I'm glad use ask before you try. Because installing operating systems and editing partitions on hard disk drives, HDD, and other 'mass storage devices' or drives is risky. Usually things are going the right way, but there are too many failures that result in loss of data.

So either install into a new HDD or backup your data to an external drive or to a cloud service before you go ahead.

If you want to install Ubuntu, you need to create space for it. You have to shrink an existing partition, and create two new partitions, one for the root file system '/' and one for 'swapping'. Do that when you have booted your computer from a live CD/DVD/USB drive (with Ubuntu and the partitioning tool Gparted.

You need at least 8 GB for the root partition, but I would recommend at least 20 GB. And you need at least the same size in GiBibytes as the RAM if you want to hibernate. Otherwise you can have less, maybe 1 Gibibyte even in a new computer with a lot of RAM.

ajgreeny
December 17th, 2013, 08:41 PM
I assume your second hard disk is formatted as ntfs, which is fine for data if running Ubuntu, but not for the OS itself.

You will need to make another partition on the disk for the Ubuntu OS root partition; I would recommend 20GB as does sudodus, and format it as ext4, but you can leave the formatting until installation.

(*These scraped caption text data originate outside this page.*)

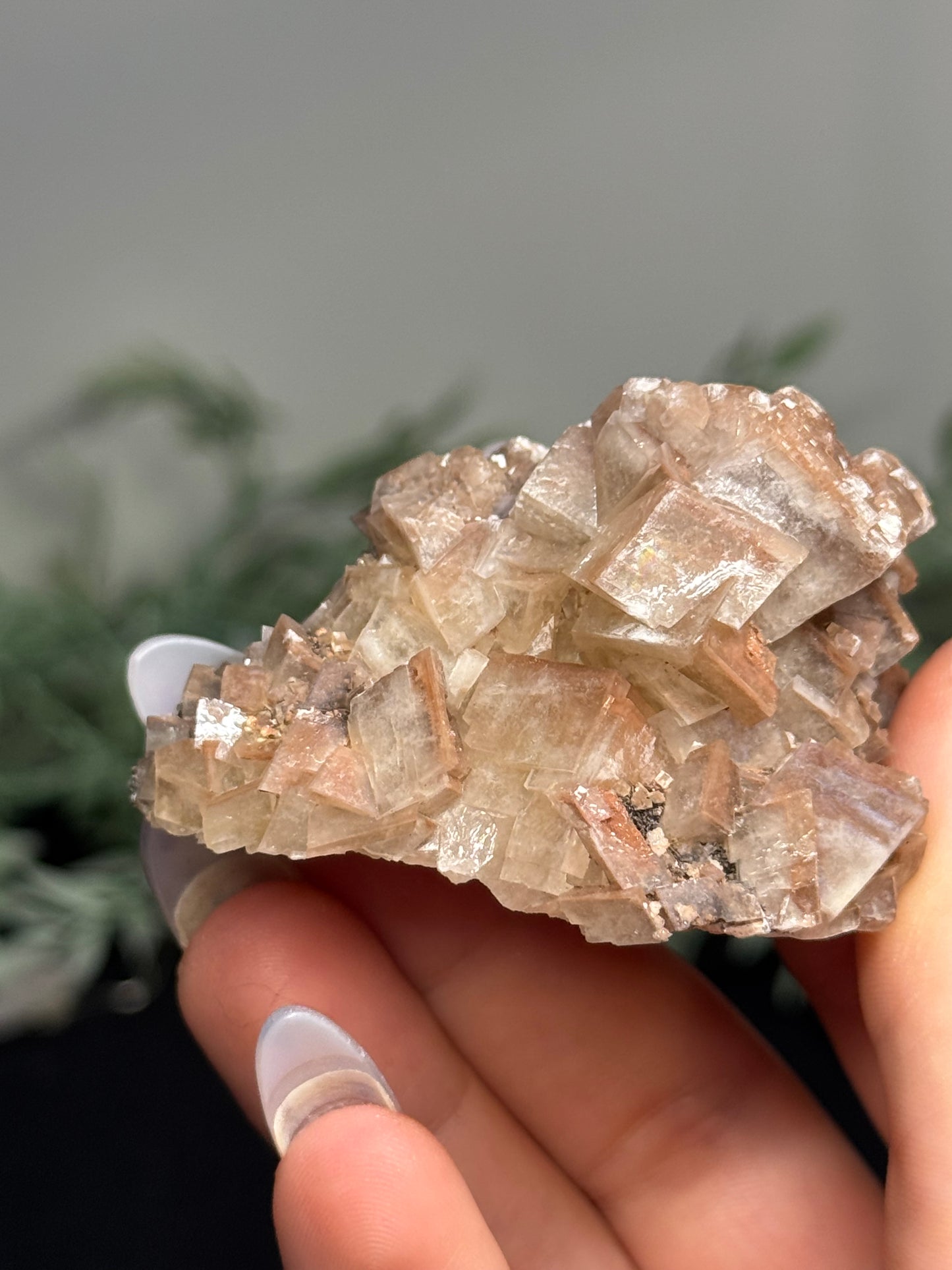 Chabazite, Mimetite - Mexico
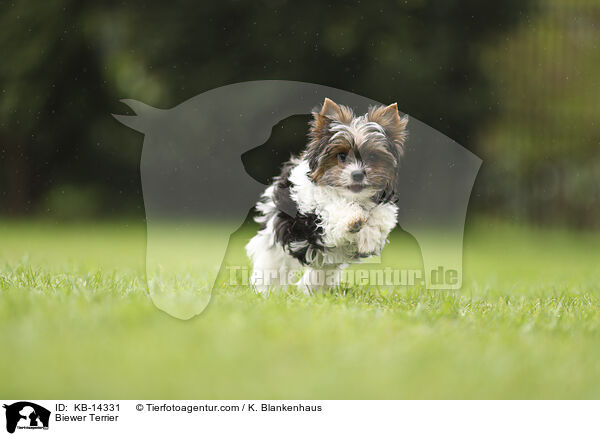 Biewer Terrier / Biewer Terrier / KB-14331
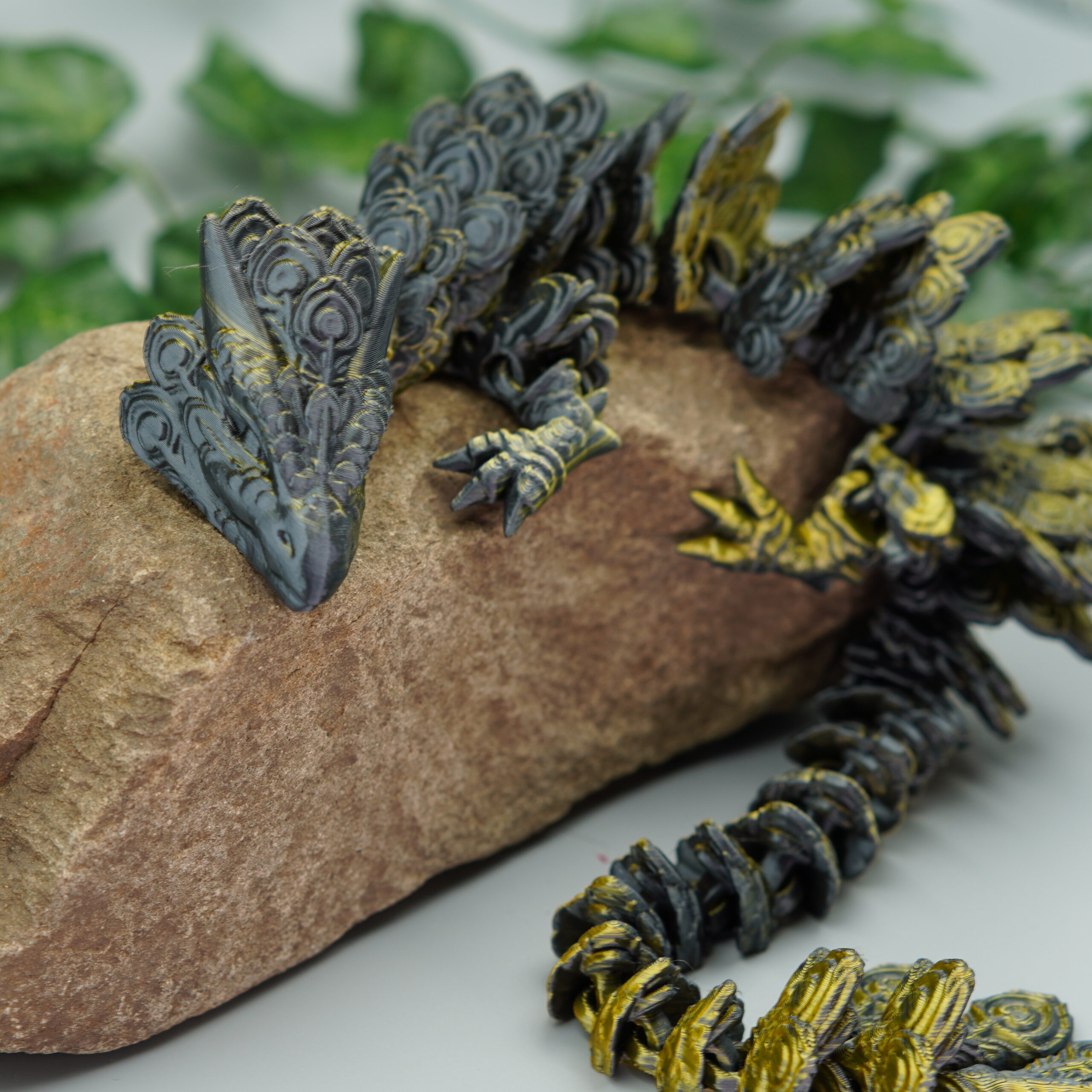 Obrázek Paví drak - dospělý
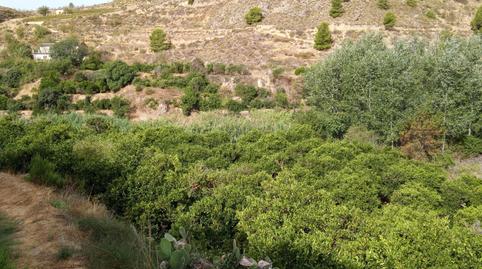 Photo 5 of Land for sale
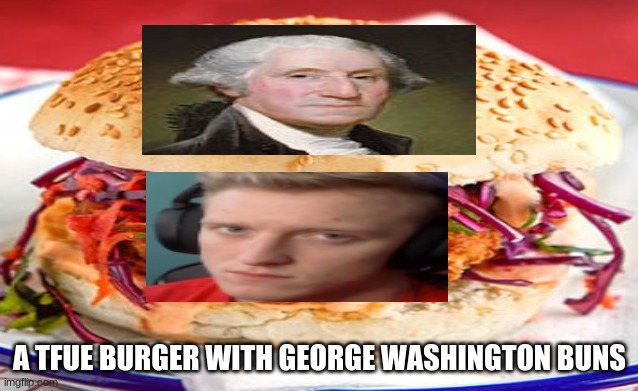 A TFUE BURGER WITH GEORGE WASHINGTON BUNS | image tagged in fortnite meme,bread | made w/ Imgflip meme maker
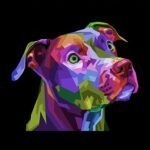 Canvas with wooden frame "Pitbull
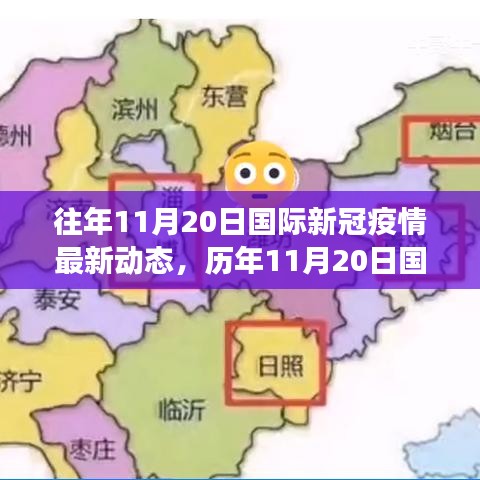 往年11月20日国际新冠疫情最新动态，历年11月20日国际新冠疫情的演变与影响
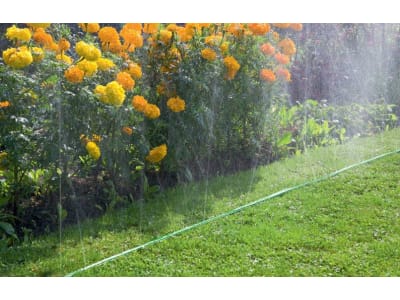 Gardena Premium Schlauchregner Bewässerungsschlauch ohne Wasserstop ohne Wasserstop  15 m 01998-20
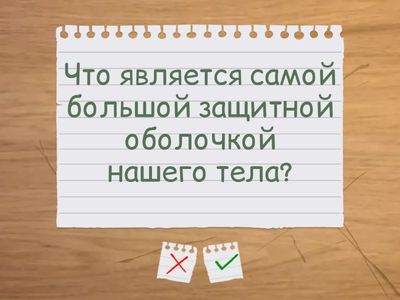 Мы и наше здоровье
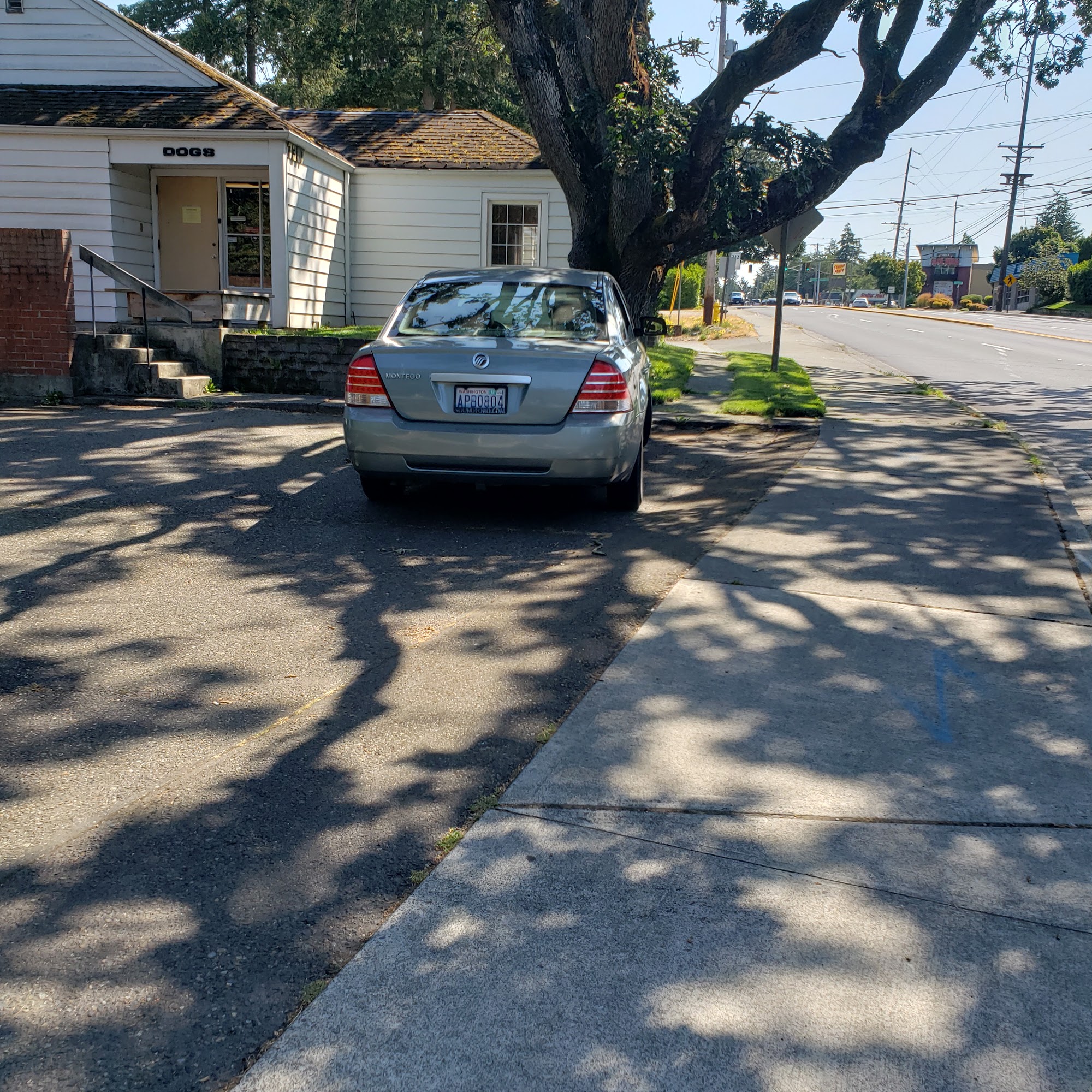 Lakewood Veterinary Hospital Lakewood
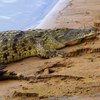 В зоопарке Туниса посетители забили крокодила камнями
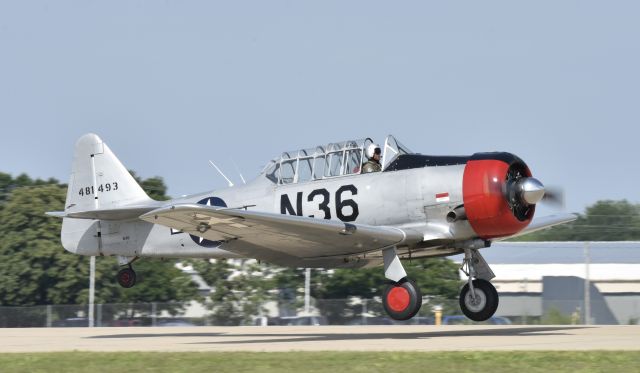 North American T-6 Texan (N36) - Airventure 2017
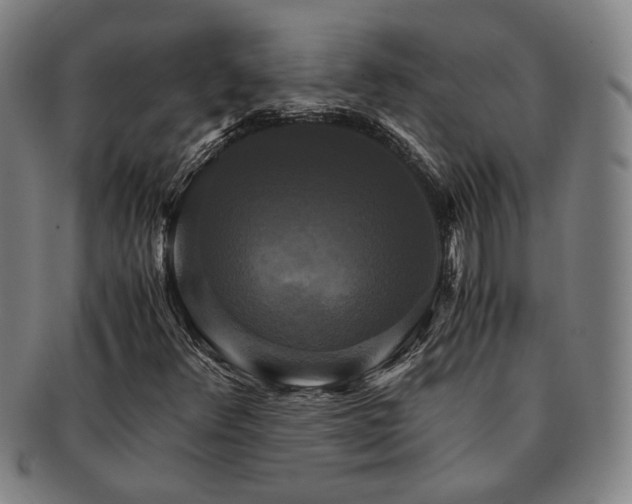 X0000091481348200708231351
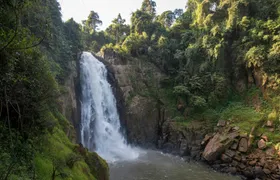Full-day Khao Yai National Park guided tour from Bangkok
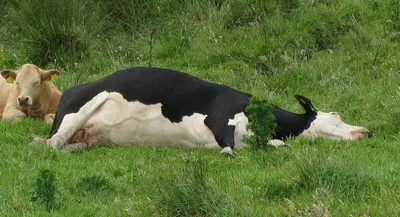 Картинка коровы Нос языком Макросъёмка животное Крупным 2560x1706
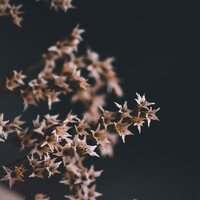 Портрет фотографа (аватар) Ana Noli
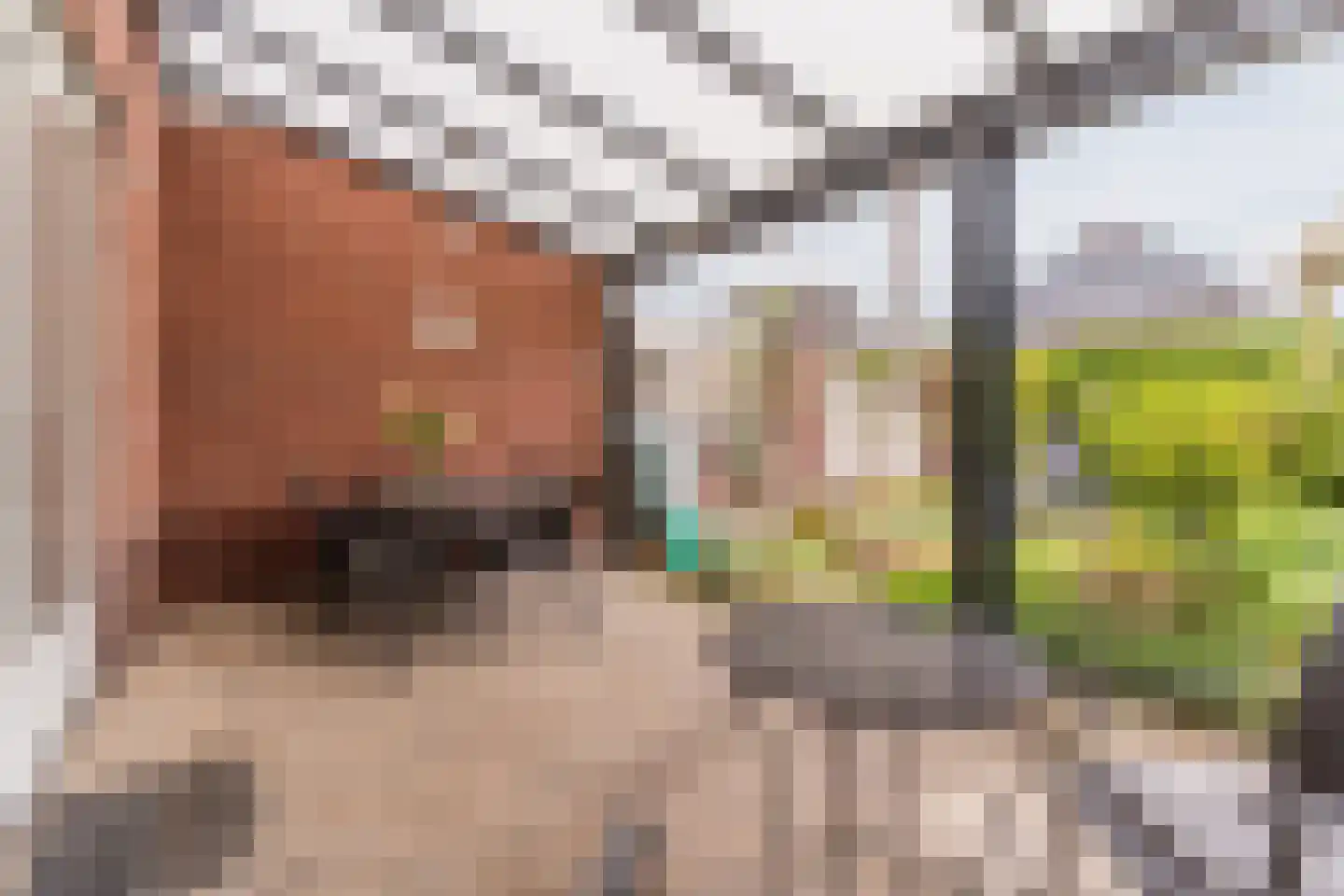 Klaverweide 51 Erp thumbnail 44
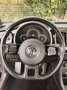 Volkswagen Maggiolino 2.0 tdi bm Design 110cv Schwarz - thumbnail 3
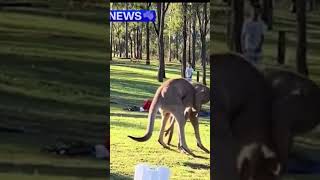 Footage from  channel 9 Queensland show two kangaroos brawling in a caravan park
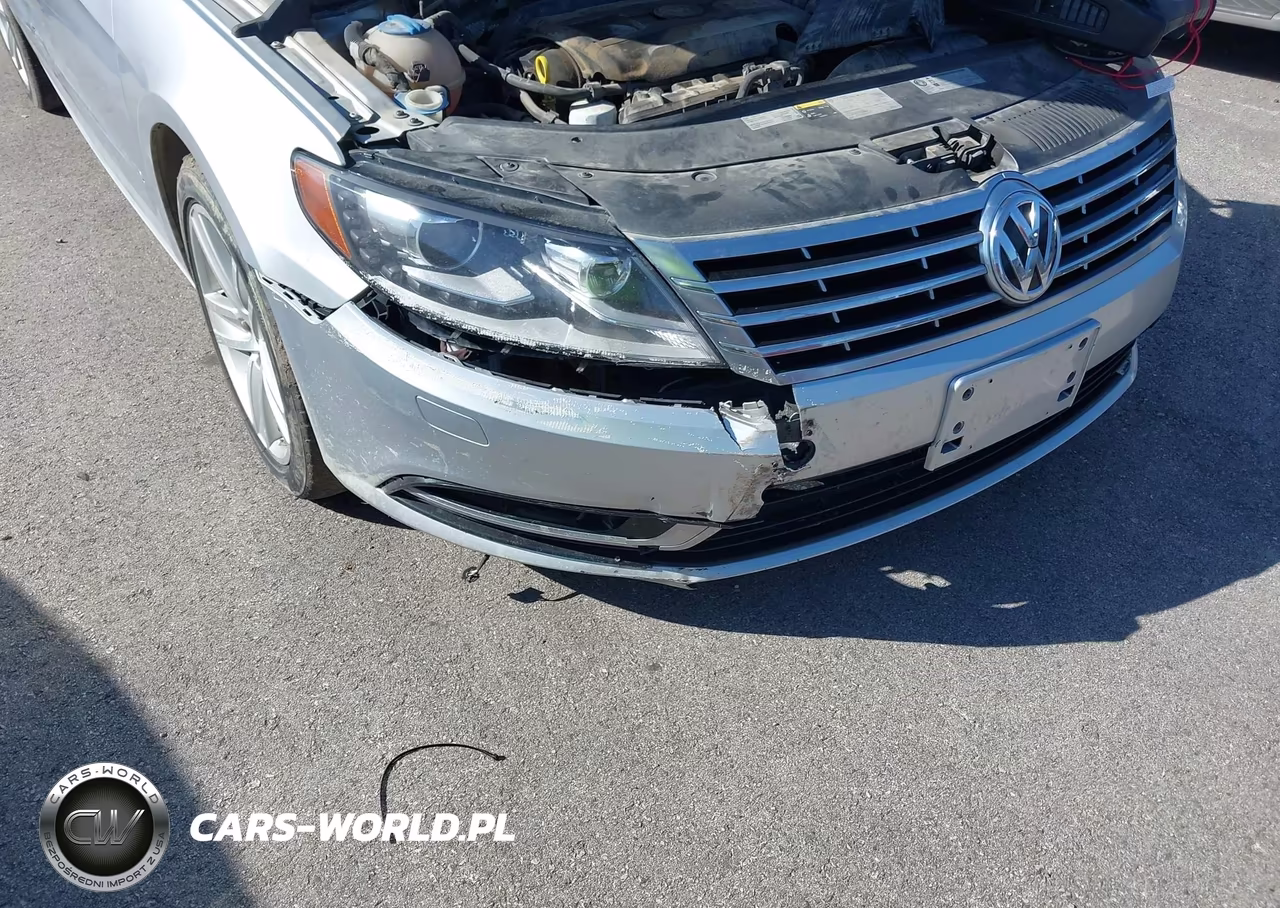 2014 Volkswagen Cc 2.0T Sport VIN:WVWBN7AN5EE540192 - 12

If you have all your data in the ntfs partition on this same disk as Ubuntu you could make soft links from the ntfs partition to folders in your ubuntu home, so that everything would show automatically as if it was actually in your home. That requires that the ntfs partition is automounted at boot by editing /etc/fstab in ubuntu, and this could possibly be complicated slightly if you have similar data files spread across more than one partition and/or physical disk, so tell us more detail and we can give you more idea of what is possible.